Mike Whitehead (mostly) and me (a bit) are interested in using camera traps to make observations about insect pollinators and other things in Australia. Initial trials with the camera have successfully shown that a native Australian heath is both visited by birds, and unable to be accessed by honeybees, and under the right conditions the camera will trigger for insects as small as a mosquito.
As well as capturing ecological data on insects in the field, this camera trap design could be very useful in a lab or controlled environment where researchers want to record movement of their study animals. For example, it could be mounted looking down on arenas/containers of beetles or crickets, or placed at the entrance of tubes or burrows housing small lizards.
This repo is an attempt to keep things in order, and keep notes of how to build, set up, and use the camera traps.
If using this guide, remember, it is only a guide, and merely reflects what we have done to get these up and running for our specific needs. This is a vast space of DIY options, and almost every step can be done in another way, with another program, or a different bit of hardware. If you have ideas to clearly improve on what we've done, please contribute!
Here's what you need, and at least one place you can get each thing.
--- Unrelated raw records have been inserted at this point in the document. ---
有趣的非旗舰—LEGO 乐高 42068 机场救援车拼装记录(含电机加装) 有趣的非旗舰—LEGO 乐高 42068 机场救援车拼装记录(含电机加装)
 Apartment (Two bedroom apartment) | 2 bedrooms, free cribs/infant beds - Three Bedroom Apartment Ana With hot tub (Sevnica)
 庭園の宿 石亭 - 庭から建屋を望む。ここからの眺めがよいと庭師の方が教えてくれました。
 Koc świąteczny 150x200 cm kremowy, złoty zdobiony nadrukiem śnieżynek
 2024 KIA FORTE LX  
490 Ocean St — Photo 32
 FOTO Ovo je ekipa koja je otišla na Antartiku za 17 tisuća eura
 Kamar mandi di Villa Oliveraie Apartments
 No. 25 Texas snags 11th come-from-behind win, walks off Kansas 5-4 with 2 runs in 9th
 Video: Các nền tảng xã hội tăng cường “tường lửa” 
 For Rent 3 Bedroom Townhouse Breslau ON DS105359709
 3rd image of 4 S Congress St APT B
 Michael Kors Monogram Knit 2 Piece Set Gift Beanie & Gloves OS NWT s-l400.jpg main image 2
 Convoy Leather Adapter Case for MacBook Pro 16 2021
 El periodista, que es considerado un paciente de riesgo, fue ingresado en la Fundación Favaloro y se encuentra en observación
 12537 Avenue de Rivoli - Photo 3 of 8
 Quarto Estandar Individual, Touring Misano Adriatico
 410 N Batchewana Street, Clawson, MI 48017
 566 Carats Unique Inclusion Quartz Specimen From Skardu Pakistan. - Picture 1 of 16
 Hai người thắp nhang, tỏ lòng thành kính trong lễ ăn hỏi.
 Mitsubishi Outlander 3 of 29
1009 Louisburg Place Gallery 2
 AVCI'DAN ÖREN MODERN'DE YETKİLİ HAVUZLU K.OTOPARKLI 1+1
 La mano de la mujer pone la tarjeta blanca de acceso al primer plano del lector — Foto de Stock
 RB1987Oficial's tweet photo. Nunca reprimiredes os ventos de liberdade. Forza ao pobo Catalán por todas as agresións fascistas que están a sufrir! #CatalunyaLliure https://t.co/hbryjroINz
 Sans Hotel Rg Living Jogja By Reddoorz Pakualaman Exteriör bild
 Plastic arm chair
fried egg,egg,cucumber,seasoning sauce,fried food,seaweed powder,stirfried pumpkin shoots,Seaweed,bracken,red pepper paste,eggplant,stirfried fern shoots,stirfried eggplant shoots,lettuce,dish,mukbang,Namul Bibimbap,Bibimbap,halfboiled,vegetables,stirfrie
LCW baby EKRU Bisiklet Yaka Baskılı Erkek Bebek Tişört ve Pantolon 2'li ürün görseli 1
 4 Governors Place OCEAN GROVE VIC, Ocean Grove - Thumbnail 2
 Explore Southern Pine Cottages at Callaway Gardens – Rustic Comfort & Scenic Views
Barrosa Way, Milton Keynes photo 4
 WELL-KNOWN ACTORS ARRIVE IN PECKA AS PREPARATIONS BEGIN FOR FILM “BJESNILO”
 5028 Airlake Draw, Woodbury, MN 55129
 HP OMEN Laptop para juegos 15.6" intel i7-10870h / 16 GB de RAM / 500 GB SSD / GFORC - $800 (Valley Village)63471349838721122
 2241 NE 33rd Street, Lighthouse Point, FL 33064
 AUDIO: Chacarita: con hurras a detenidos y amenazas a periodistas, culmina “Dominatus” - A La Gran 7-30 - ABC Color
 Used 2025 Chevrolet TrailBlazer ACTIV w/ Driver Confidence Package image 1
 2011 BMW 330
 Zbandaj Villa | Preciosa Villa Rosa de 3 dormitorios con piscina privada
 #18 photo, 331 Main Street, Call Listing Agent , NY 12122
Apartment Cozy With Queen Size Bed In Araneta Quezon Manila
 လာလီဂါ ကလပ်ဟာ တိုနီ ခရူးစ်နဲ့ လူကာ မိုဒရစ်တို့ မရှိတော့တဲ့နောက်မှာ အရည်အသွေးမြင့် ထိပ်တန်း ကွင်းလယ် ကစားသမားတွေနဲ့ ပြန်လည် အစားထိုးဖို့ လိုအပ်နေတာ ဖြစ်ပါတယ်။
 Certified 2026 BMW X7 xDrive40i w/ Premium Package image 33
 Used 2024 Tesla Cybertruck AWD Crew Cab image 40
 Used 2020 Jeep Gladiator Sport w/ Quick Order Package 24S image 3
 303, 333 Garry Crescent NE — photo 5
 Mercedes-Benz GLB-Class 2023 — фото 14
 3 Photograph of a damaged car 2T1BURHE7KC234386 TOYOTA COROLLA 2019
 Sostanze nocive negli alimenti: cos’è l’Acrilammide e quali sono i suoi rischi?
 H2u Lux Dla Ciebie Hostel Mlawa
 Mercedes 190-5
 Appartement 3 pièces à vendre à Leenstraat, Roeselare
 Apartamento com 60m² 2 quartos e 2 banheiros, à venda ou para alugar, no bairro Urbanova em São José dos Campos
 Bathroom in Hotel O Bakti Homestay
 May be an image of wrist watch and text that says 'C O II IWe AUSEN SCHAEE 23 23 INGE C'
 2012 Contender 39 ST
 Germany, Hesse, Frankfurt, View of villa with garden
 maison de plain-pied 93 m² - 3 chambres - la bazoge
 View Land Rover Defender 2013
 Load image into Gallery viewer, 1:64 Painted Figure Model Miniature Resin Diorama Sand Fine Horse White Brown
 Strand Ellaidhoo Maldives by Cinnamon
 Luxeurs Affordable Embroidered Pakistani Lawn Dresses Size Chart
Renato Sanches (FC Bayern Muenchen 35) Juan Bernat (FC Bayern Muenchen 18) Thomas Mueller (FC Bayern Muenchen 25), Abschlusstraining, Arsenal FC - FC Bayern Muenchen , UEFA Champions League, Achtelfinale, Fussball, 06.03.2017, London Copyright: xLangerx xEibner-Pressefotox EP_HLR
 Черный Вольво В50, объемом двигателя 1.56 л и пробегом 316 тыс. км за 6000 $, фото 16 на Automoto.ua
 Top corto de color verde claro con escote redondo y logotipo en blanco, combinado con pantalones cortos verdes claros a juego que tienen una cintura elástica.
Prices were accurate in mid 2019.
For each camera trap:
| Thing | Price | Link |
|---|---|---|
| Raspberry Pi 3 B | $57 | link |
| Raspberry Pi camera V2 | $40 | link |
| SanDisk 64GB microSDXC | $22 | link |
| Anker PowerCore+ 10050mAh QC 2.0 * | $69 | link |
Grand total: $188 (excluding shipping)
*Apparently these have become difficult to source. But any powerbank with a USB output will work. When buying, keep in mind size and shape, as this determines what size container you can fit it in.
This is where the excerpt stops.